I feel like much of my first post went unnoticed and I'm being chewed out. Once again i never planned on having a single rat. I had three in total. My first guy passed on 2 months ago then his brother suffered from a freak accident. The only one left is lou.I just wanted to know what to do when you have one rat left.Do i talk to my mom about the importance of a friend?do i look for a rat close to lou's age?Tl;drI have one rat left after his budddies died unexpectedly.he currently isnt alone. (Im babysitting 2 girl rats for a month)Do i convince my mom he needs a friend?do i get a rat close in age?halp me please.


----------



## cagedbirdsinging (May 28, 2012)

I meant no offense.

From your post, I read that your mother does not want another rat, so I decided to leave that option out. There is a chance that the rats will not get the attention that they need if your mother is less than pleased with them.
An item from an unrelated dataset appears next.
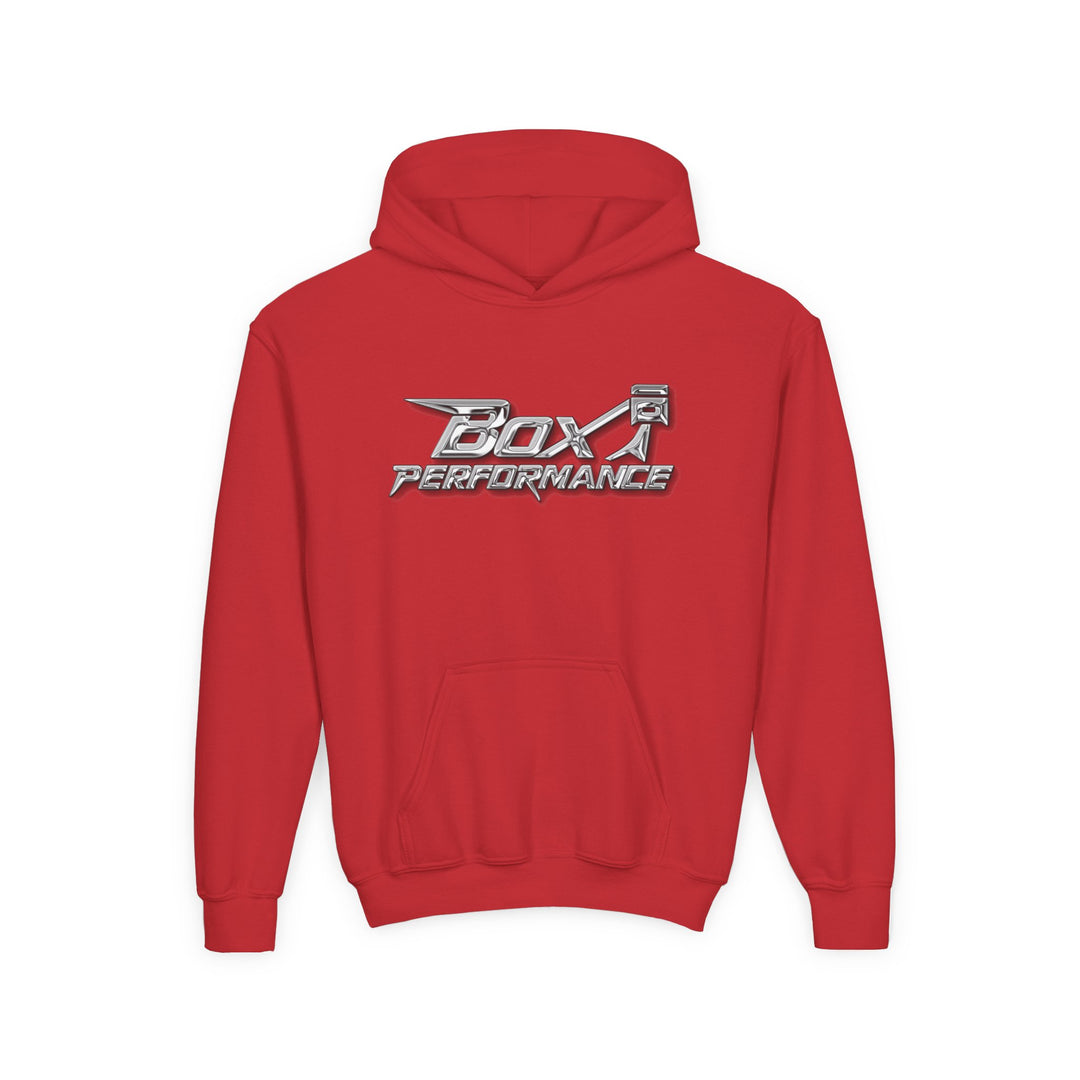 YOUTH Boxvette Muscle Car Hoodie - Multiple Colors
While another rat to be in the cage would be great, they will still need playtime outside of the cage. Can your mother provide that? If the answer is yes, then you should talk to her about the importance of a friend.

Furthermore, you do not know how introductions will go. Getting a boy close to Lou's age could be hit or miss. The plan that works most often is to get two younger (baby) rats. This makes it easier for Lou to establish his dominance while the babies tire each other out so that they don't upset Lou.

Now, this leaves you with getting two more rats instead of one. However, getting babies may be beneficial in convincing your mother. They're small, they're cute. Try asking her if she would like to pick out the color/marking/coat/ear types.

If she still declines, then I refer you to my previous post.


----------